The rocky, volcanic surface scree of Mt Etna on the Italian island of Sicily is the closest thing to an alien landscape we’ve got here on Earth.
As such, it’s become the testing site for a range of new space rovers that could one day be exploring the surfaces of both the moon and Mars.
Deployed by the German Aerospace Center, the rovers are busy getting to grips with the unstable geography, high winds and constant seismic activity in order to better understand what kind of robotic equipment is needed for space exploration.
“We chose Etna because the volcanic, the seismic [activity] here is near that [which] we could expect it to be on the lunar surface,” researcher Armin Welder told Reuters.
Although led by the German space agency, the testing program – known as ROBEX (Robotic Exploration of Extreme Environments) – has had input from British, American and Italian specialists.
As well as learning lessons for moon and Mars landings, the rovers are also helping out Earth-based scientists.
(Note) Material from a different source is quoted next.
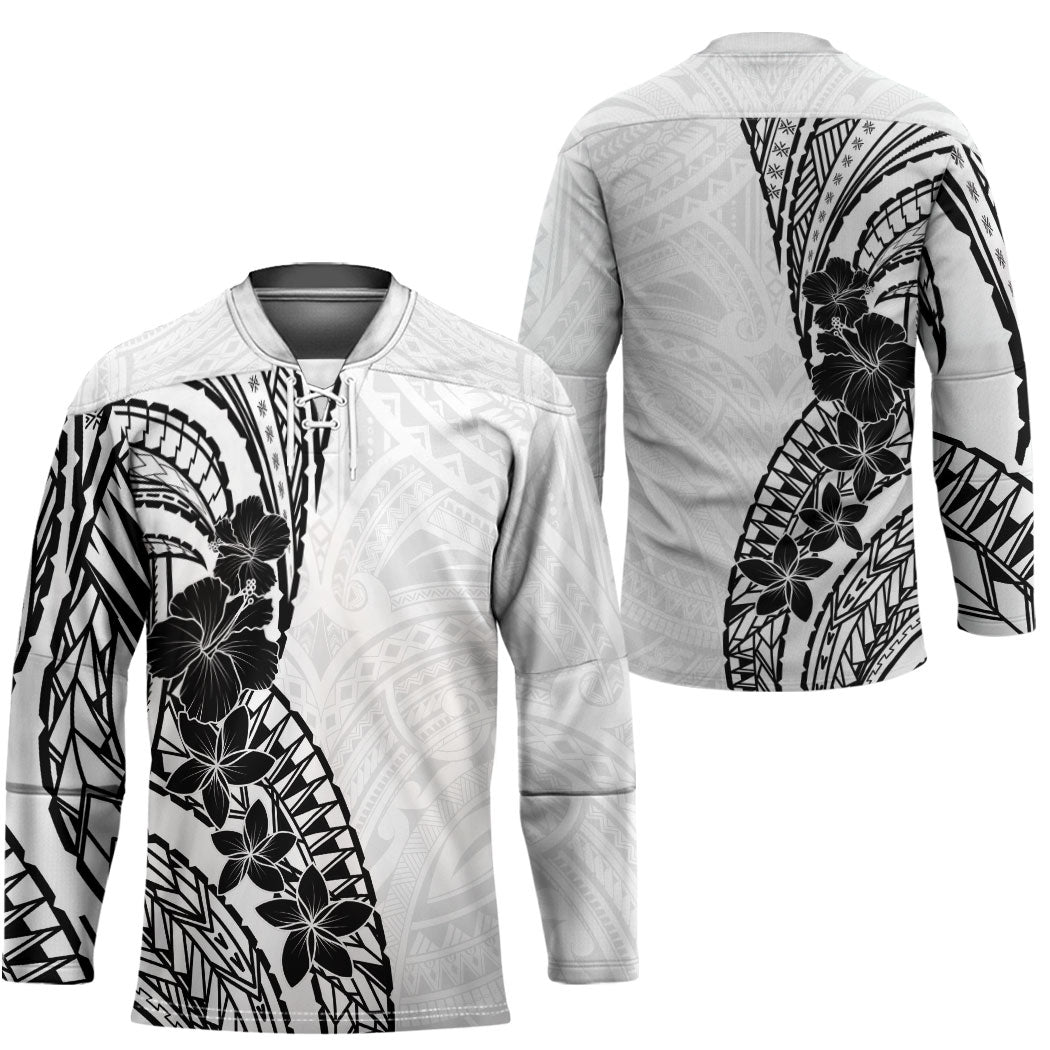 Black White Polynesia Tropical Flowers Hockey Jersey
Seismic-monitoring equipment has been mounted to them in order to give volcanologists more data about Mt. Etna’s rumblings.
“This is aimed at simulating a future, hypothetical landing mission on the moon or Mars and they use a lot of robots which are there to transport and install different instruments,” Boris Behncke, a volcanologist from Italy’s National Volcanology Institute, based near Mt. Etna said.